• [Information provided]:
::::::::
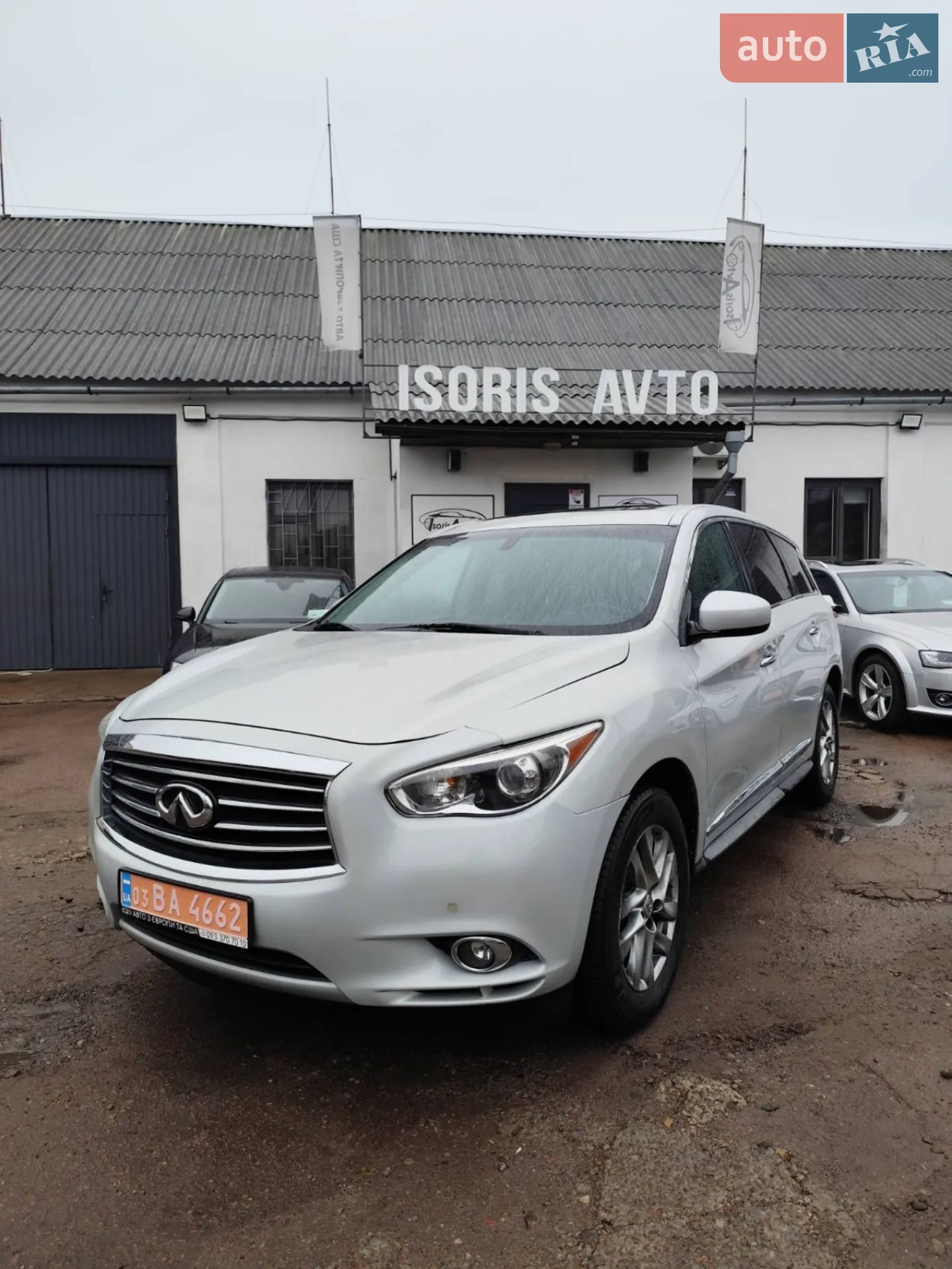 Infiniti QX60, 2013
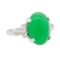 5.00 ctw Green Chalcedony Ring - 14KT White Gold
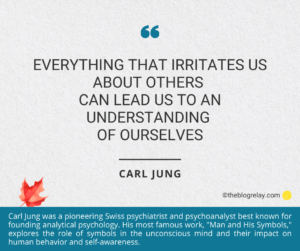 Carl Jung: Everything That Irritates Us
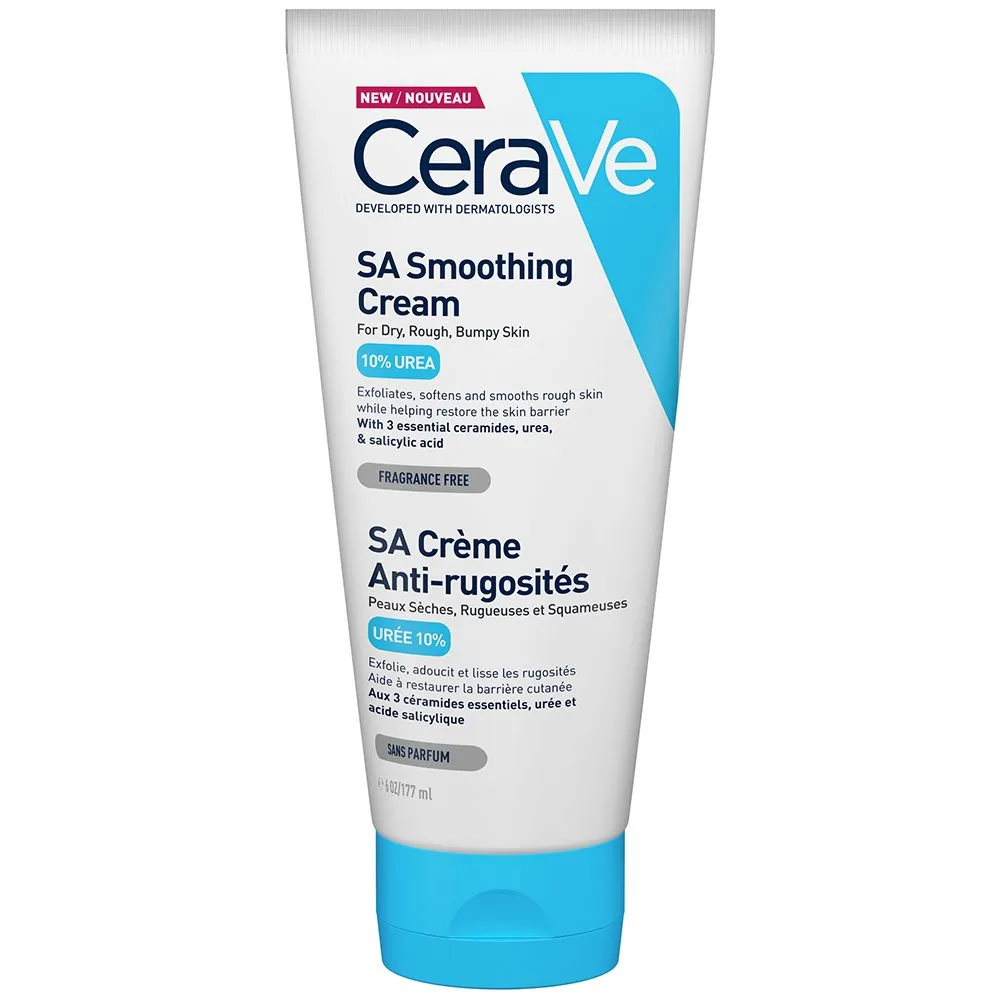 CeraVe SA Crème Anti Rugosités 10% D’uree 177ml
::::::::
• [Problem requirements]: Without any pictures, write out the lines running from the one containing "5.00 ctw Green" through the end of the listing above, both included, exactly as given.

• [Response area]:
 5.00 ctw Green Chalcedony Ring - 14KT White Gold
 Carl Jung: Everything That Irritates Us
 CeraVe SA Crème Anti Rugosités 10% D’uree 177ml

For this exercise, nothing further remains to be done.